WHAT THE EXERCISE ASKS: Copy everything in the data below exactly except the pictures.

SOURCE DATA:
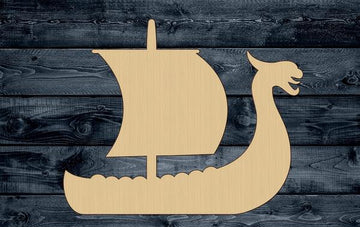 Viking Ship Vessel Wood Cutout Shape Silhouette Blank Unpainted Sign 1/4 inch thick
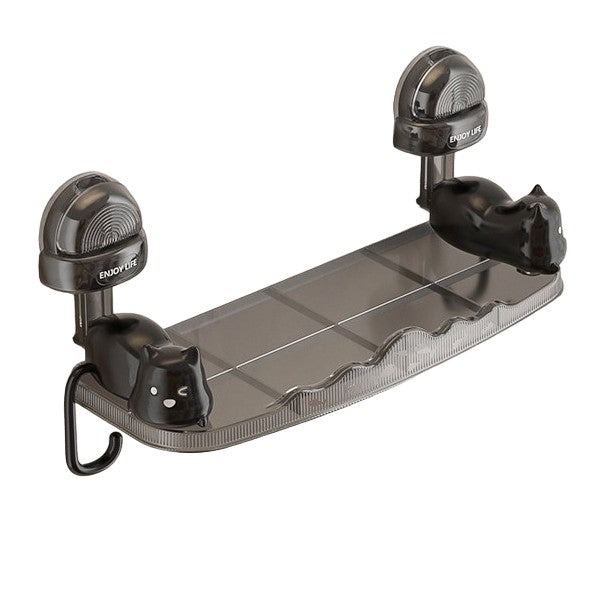 Raft Pentru Baie Cu Model Pisicute, Suport Depozitare Cu Montare Pe Perete Fara Gaurire, Autoadeziv, Material ABS, 33.4x17.7 cm, Negru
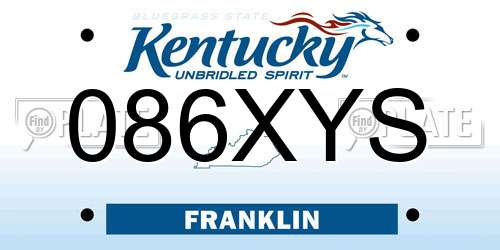 086XYS Kentucky License Plate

TASK ANSWER:
 Viking Ship Vessel Wood Cutout Shape Silhouette Blank Unpainted Sign 1/4 inch thick
 Raft Pentru Baie Cu Model Pisicute, Suport Depozitare Cu Montare Pe Perete Fara Gaurire, Autoadeziv, Material ABS, 33.4x17.7 cm, Negru
 086XYS Kentucky License Plate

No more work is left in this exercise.